Corporates will often outsource all their logistic requirements to UPS so that a clothing retailer, for example, will use the company to ship the necessary materials to its manufacturers in the Far East and Turkey, transport the finished clothes to its stores in Europe and post goods out to customers that have ordered them over the internet.
Advances in technology mean that more of a customer’s supply chain can be outsourced to UPS. For example, when an order comes into a mobile phone manufacturer, UPS puts the phone in the box along with promotional material, any additional accessories the customer may have ordered, programmes the phone so that it will work as soon as it is switched on and sends the order out to the customer.
Computer manufacturers often source keyboards, screens and hard drives from different suppliers around the world, but UPS can take all of the components and merge them into one order. The system is sophisticated enough to keep track, even if the manufacturer switches suppliers from country to country because of price changes.
But Gray’s favourite example of providing exactly what the customer wants was the time UPS hired a musician to tune guitars before the instruments were dispatched from the workshop.
Most of the information is provided through bar codes on individual items. While handling packages is a manual intensive business, the company tries to automate the process as much as possible, loading items onto conveyor belts that pass through overhead barcode readers.
UPS has looked into using radio-frequency identification (RFID) to manage the millions of moving parts of the company.
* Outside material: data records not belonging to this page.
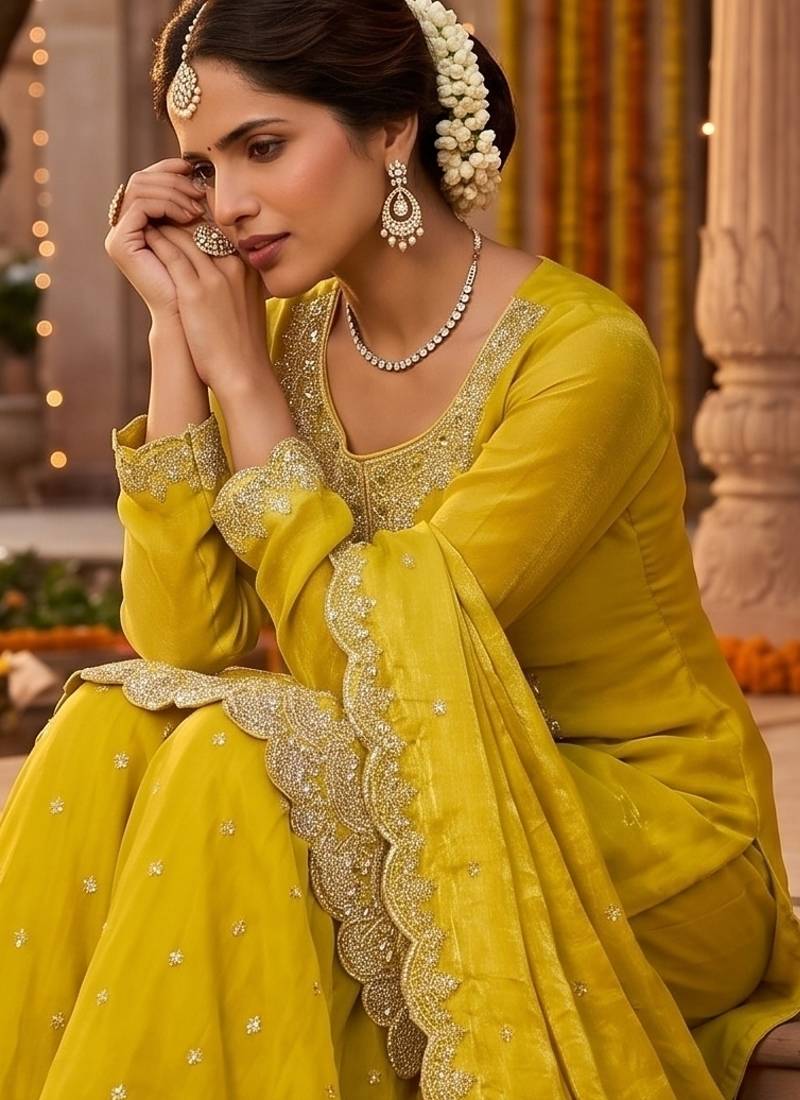 Tora silk embroidered palazzo suit with matching dupatta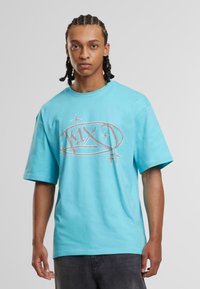 Šviesiai mėlynas medvilninis t-shirt su apvalia kaklo iškirpte ir trumpomis rankovėmis, priekyje turi sidabrinį grafikos logotipą su žvaigždėmis.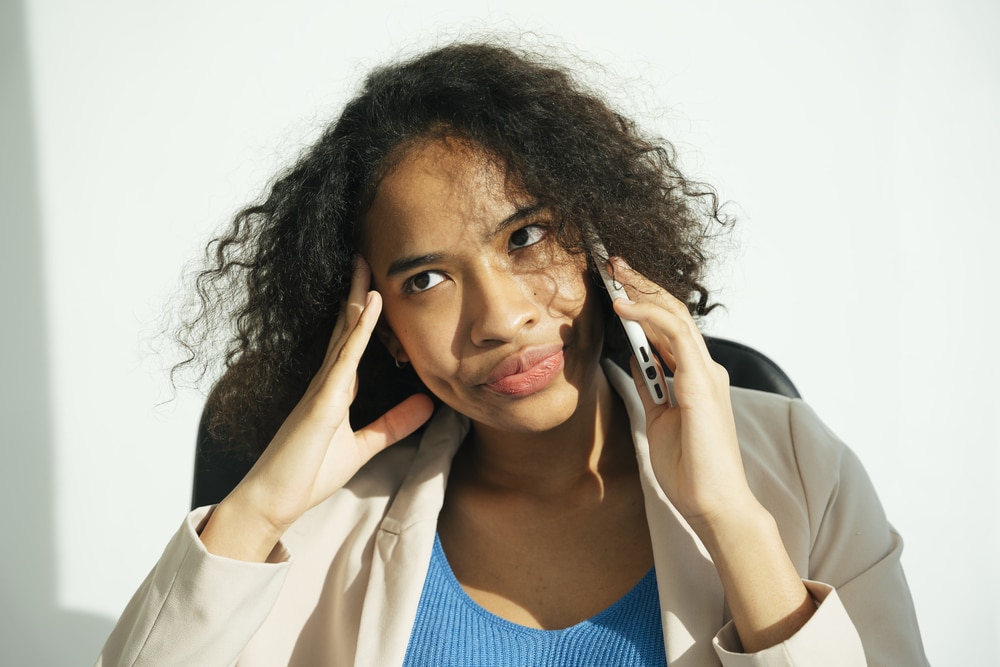 Stressful woman talking on the phone.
When attached to packages, RFID tags send out radio signals to tell a receiver where the items are in the system.
‘We carried out a number of studies into the use of radio frequency devices, but it is not profitable for us to use them at the current pricing levels,’ says Gray.
But Gray says the firm is looking into the use of ultra-thin flexible display devices, known as electronic paper. ‘Each device is the thickness of about two to three sheets of paper with embedded electronics; it is flexible and can be programmed,’ he says. ‘It could be used as a sensor to detect humidity or temperature variations or if the goods experience a sudden shock that could damage them.’
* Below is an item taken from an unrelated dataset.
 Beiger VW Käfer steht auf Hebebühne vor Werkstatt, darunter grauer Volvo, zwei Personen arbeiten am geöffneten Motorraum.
The challenge will not only be to make sure the company can afford to use such technology, but that UPS also has the right IT in place to ensure it can cope with the amount of data such devices generate, says Gray. ‘Some may want extremely detailed information about their goods where as others will just want a summary.’
Technology is the backbone of UPS, ensuring that its business operates as smoothly as possible, but its customers are also well aware that more technology means they can demand more. ‘The amount of information available on the internet means our customers have become better informed and are rightly so much more demanding about the service they require from UPS.’
The challenge for UPS is to use its technology so that it can deliver and give the best possible service to each customer, even though their needs may be dramatically different – one may be shipping only one or two packages a week and another 10,000 – while ensuring such flexibility does not cause a meltdown.
‘The key to that is ensuring we have a few core systems that can then be customised without causing chaos,’ says Gray.
Next year, UPS celebrates its centenary. While Gray will be doing everything to ensure the company’s centenary Christmas season runs as smoothly as every other year, he knows that advances in technology are not going to slow down anytime soon.
‘Maybe by the time the company is in its 120th year we will be laughing at those old-fashioned text-based systems and managing our supply chains in real-time, three-dimensional, virtual reality,’ he says.